I like walking people through the thought experiment/scenario "Okay, you're a moderately-sized village of stationary agriculturalists in the Neolithic, and young men from hunter-gatherer tribes keep wandering by to hunt your livestock and gather your crops, because they find your idea that a person can 'own' such things, and that plants and animals aren't just there for whoever can take them, laughable and absurd, and mock you for the labor you put into cultivating those things instead of relying on the bounty of nature like a real man." Then ask what, after you defeat any of these raiders in a battle to defend your stuff, do you do with your defeated foe? Point out the strategic reasons (as pointed out by the likes of Sun Tzu) why you can't just kill or cripple them all. But why you also cannot just let them go to keep trying again. And then pointing out that a Neolithic farming village lacks the surplus to feed and house an idle prisoner. Then ask who supervises the prisoner you've put to work? Why would the prisoner submit to this person? Wouldn't it make sense to have it be the same guy who defeated and captured him in the first place, then? But why would this person take such a job? What does he get out of it? Can you trade that role to someone else?… and so on, through careful Socratic dialogue.

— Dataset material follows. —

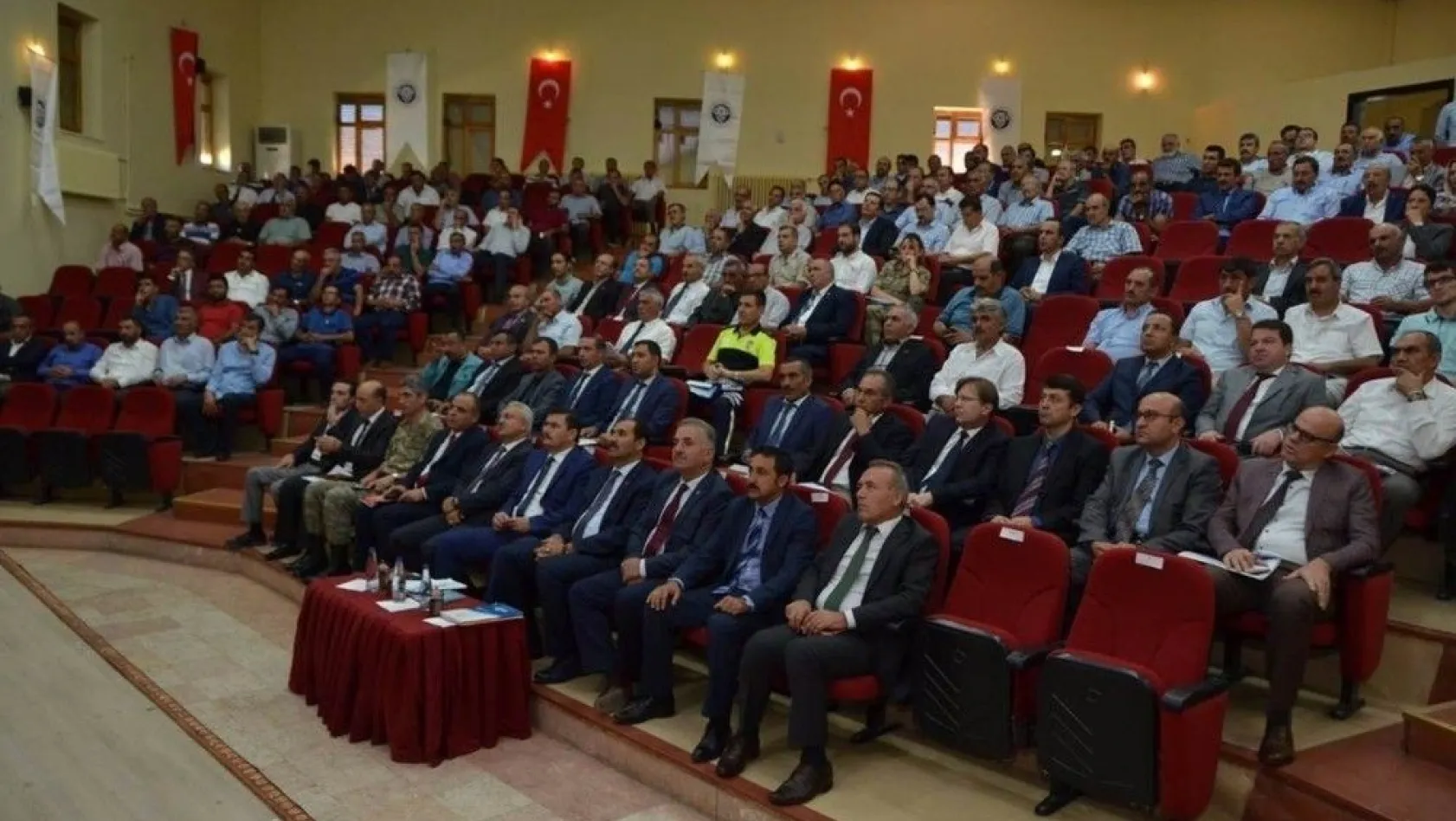 Erzincan'da her okula bir emniyet görevlisi tahsis edildi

I love the looks on their faces when they finally realize what solution they've "invented."

Edit: Plus, you might also find the writings of George Fitzhugh interesting. A socialist who was answering the "socialism is state-run slavery" argument with a "chad yes" long before libertarian-types were around to make it. Who condemned the racist character of Southern chattel slavery… on the grounds that white people should be enslaved too.

on the grounds that white people should be enslaved too.

They were. It was called "indentured servitude". Yes, I know it wasn't hereditary, but for the person in it there wasn't too much difference in that.

BTW, returning to your Neolithic example, the question now if this prisoner finds a nice girl who wants to marry him and produces children, why shouldn't those be free? The whole argument does not work there if you want to make it hereditary.

Then ask what, after you defeat any of these raiders in a battle to defend your stuff, do you do with your defeated foe?

Investigate the root causes of their raiding.

More seriously, your hypothetical does give an interesting conclusion; if you wish to maintain a 'Jeffersonian' society and are unwilling to resort to slavery, you kind of just have to kill the invaders. That being said, the 13th amendment does exclude coerced labor as a consequence of legal punishment from the abolition and coercing prisoners to do labor is more or less common in even rich nations, so I'm not sure using the defeated raiders for coerced labor is de-facto condemned even now.